1. Die Enquete-Kommission empfiehlt Bund, Ländern und Kommunen, die deutsche
Theaterlandschaft insbesondere in ihrer Vielfalt an Kooperationen, Netzwerken
und Modellen zu stärken.
2. Die Enquete-Kommission empfiehlt den Trägern von Theatern, Opern und
Orchestern, sich für rechtliche Verselbstständigungen zu öffnen…

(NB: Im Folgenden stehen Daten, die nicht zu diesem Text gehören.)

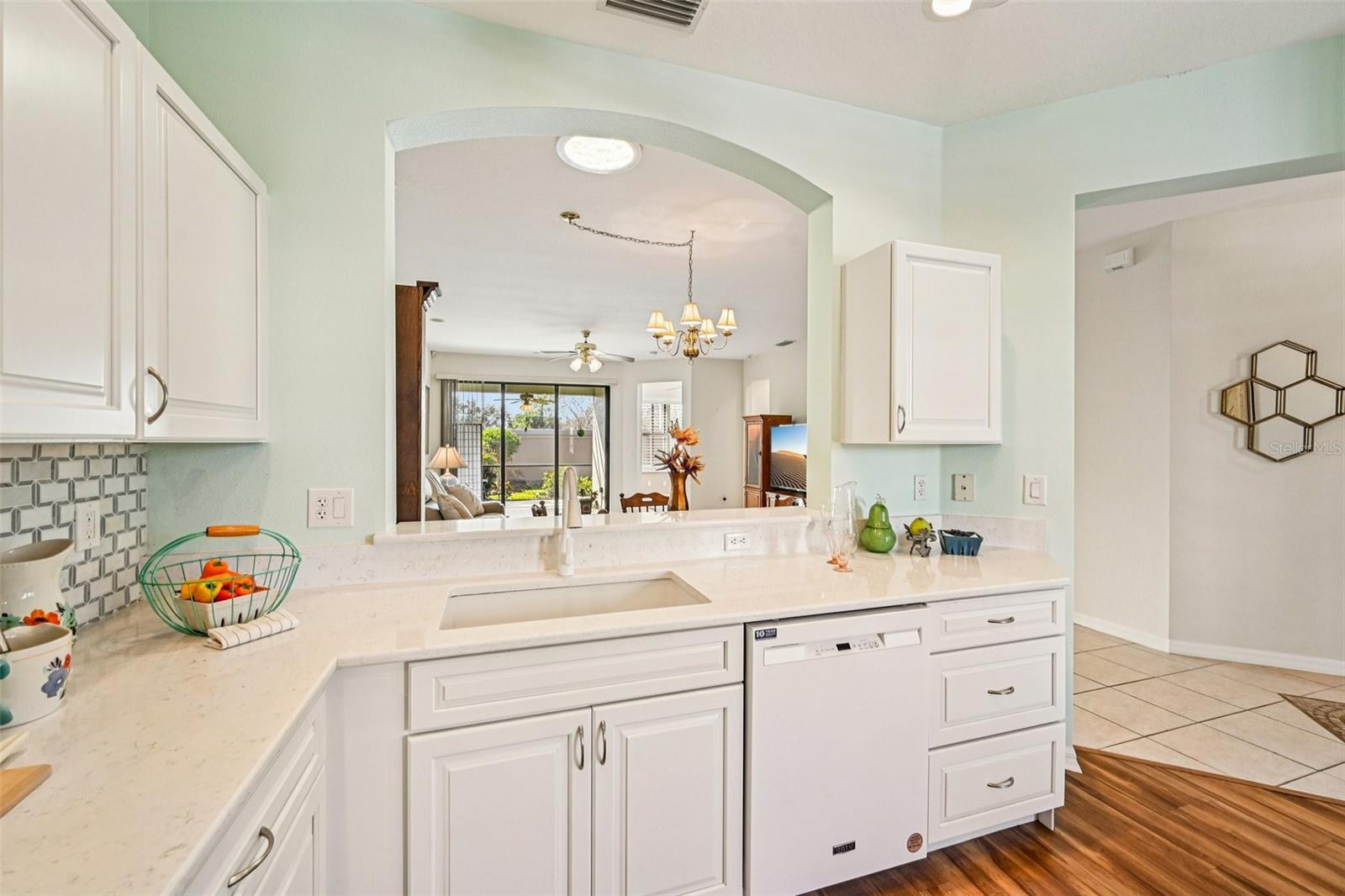 Image 16 of 44 For 1526 Maseno Drive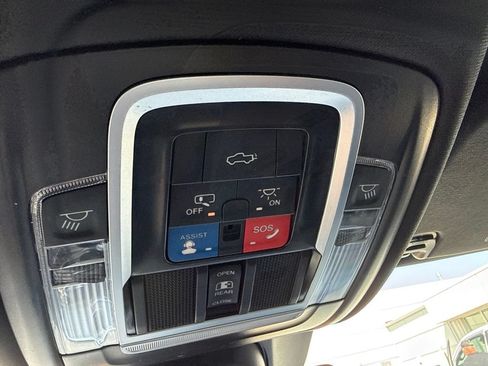 Used 2023 RAM 1500 Laramie AWD/4WD image 19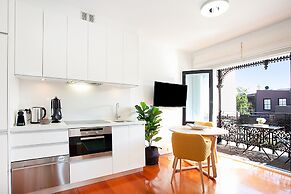 Perfect Located Comfy Studio With Balcony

3. Die Enquete-Kommission empfiehlt den kommunalen und staatlichen Trägern,
Theater, Opern und Orchester aus den hemmenden Beschränkungen des Haushaltsrechts
mit den Grundsätzen der Kameralistik zu befreien. In diesem Zusammenhang
empfiehlt die Enquete-Kommission, die Haushaltgrundsätze der Jährlichkeit,
Spezialität und Nonaffektation aufzuheben. Den Theatern, Opern und Orchestern
ist eine mittelfristige Finanz- und Planungssicherheit zu schaffen…

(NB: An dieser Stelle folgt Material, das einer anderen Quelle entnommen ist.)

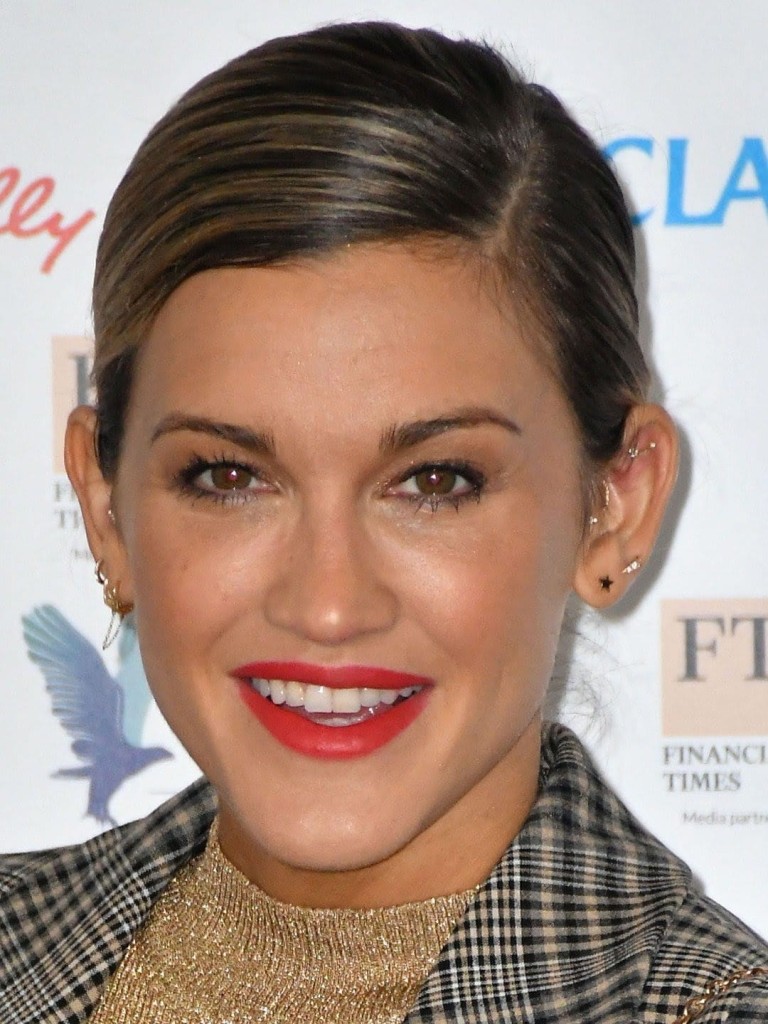 Ashley Roberts Biography, Height & Life Story Super Stars Bio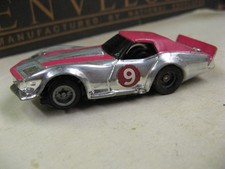 Tyco Vintage HO 1970   1990 Chrome Corvette,  9, Pink Accents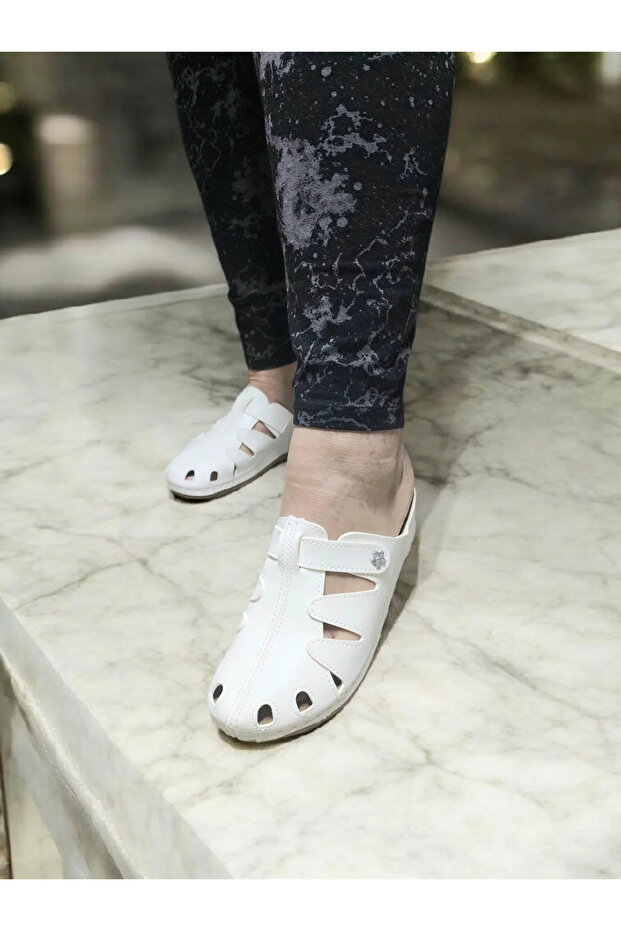 Heel Spur Reinforced Gel Closed Toe Home and Outdoor Slippers
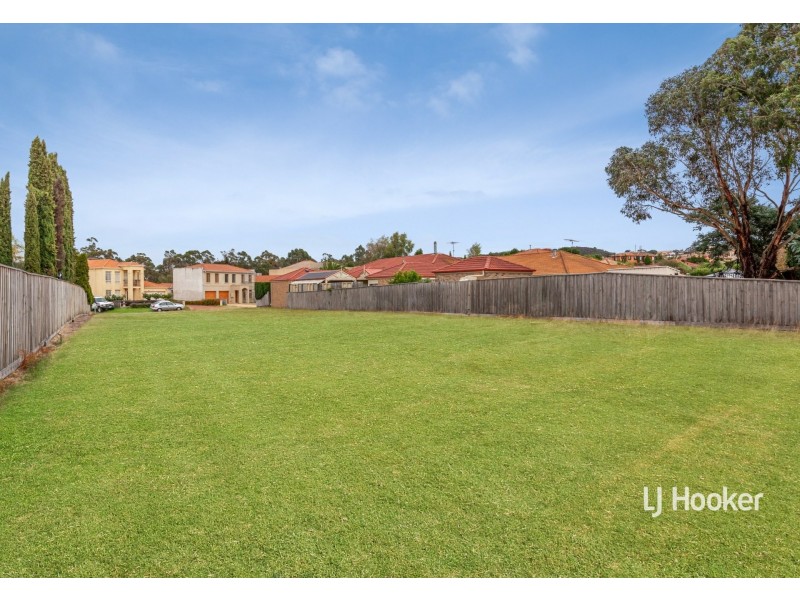 26 Lakeside Drive, Hidden Valley VIC 3756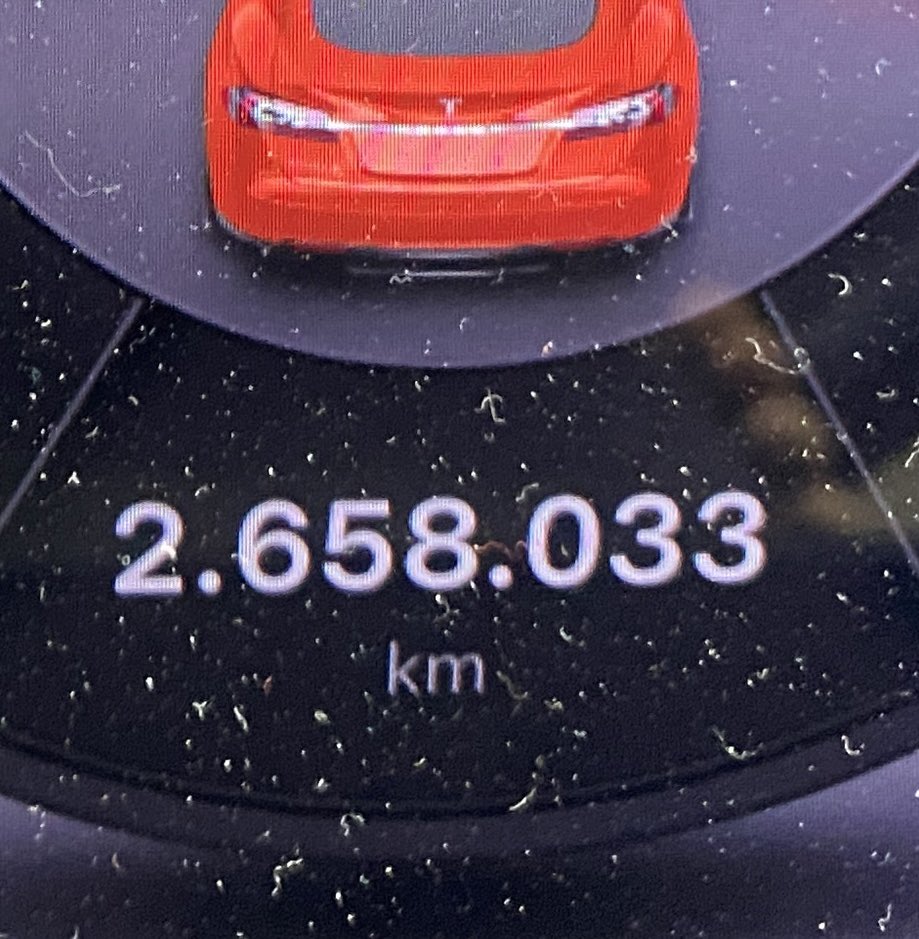 gem8mingen's tweet image. 1 Akku originale 900.000 km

5. Die Enquete-Kommission empfiehlt den kommunalen und staatlichen Trägern,
für alle Beschäftigten in den Theatern, Opern und Orchestern bühnengerechte
Arbeitsbedingungen zu schaffen. Das Dogma von der „Einheitlichkeit aller
Tätigkeiten des öffentlichen Dienstes“ ist überholt und
kann an den Theatern kaum noch praktiziert werden. Dies verlangt für das
künstlerische und nichtkünstlerische Personal den Abschluss einheitlicher
Bühnen- oder Branchentarifverträge, die den besonderen Bedingungen
des Theaterbetriebs gerecht werden und eine theatergerechtere Gestaltung
der Arbeitszeiten ermöglichen. Hierfür gibt es bereits zahlreiche
praxistaugliche Beispiele wie etwa den Normalvertrag Bühne und diverse
Haustarifverträge. (172)
6. Die Enquete-Kommission empfiehlt den staatlichen und kommunalen Trägern,
ihre Arbeitgeberinteressen in Tarifverhandlungen einheitlich vertreten zu lassen.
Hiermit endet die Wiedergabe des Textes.